From the first line of the listing to the last, set down everything exactly, but skip the images.

# [Raw data]
_ _ _ _ _

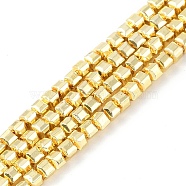 Electroplated Synthetic Non-Magnetic Hematite Beads Strands, Faceted Cube, Golden Plated, 3x3x3mm, Hole: 0.8mm, about 106pcs/strand, 16.30''(41.4cm)(G-U003-18A-01)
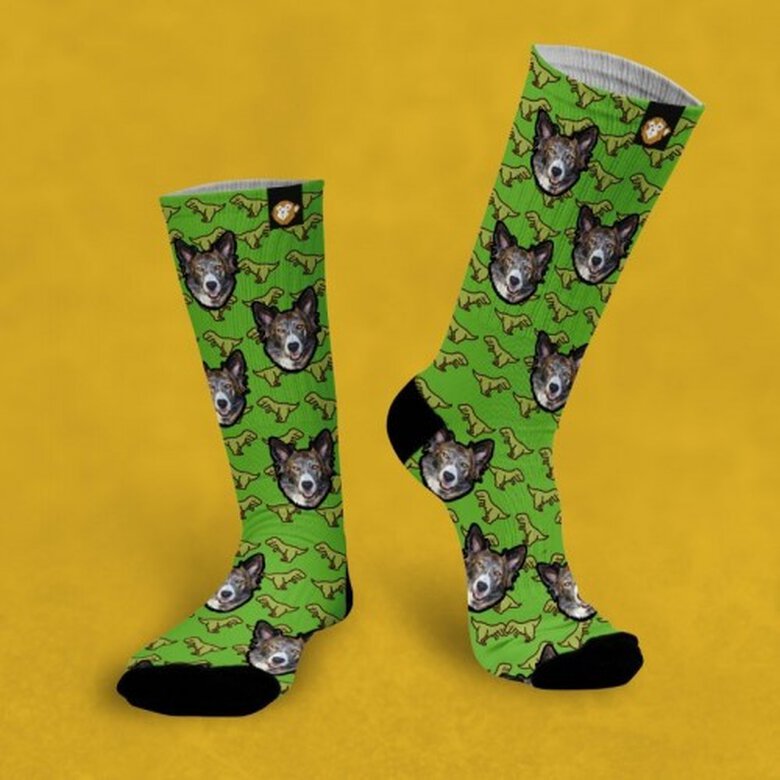 Calcetines personalizados Dino 1 mascota color Verde, , large image number null
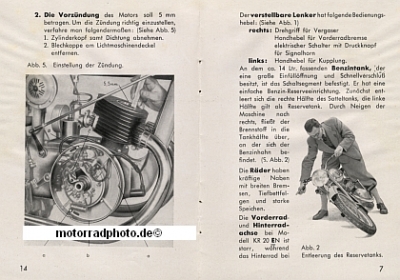 Preview: Victoria Motorrad Betriebsanleitung KR 20/25  1937  vic-bal20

_ _ _ _ _

# [Solved exercise]
 Electroplated Synthetic Non-Magnetic Hematite Beads Strands, Faceted Cube, Golden Plated, 3x3x3mm, Hole: 0.8mm, about 106pcs/strand, 16.30''(41.4cm)(G-U003-18A-01)
 Calcetines personalizados Dino 1 mascota color Verde, , large image number null
 Preview: Victoria Motorrad Betriebsanleitung KR 20/25  1937  vic-bal20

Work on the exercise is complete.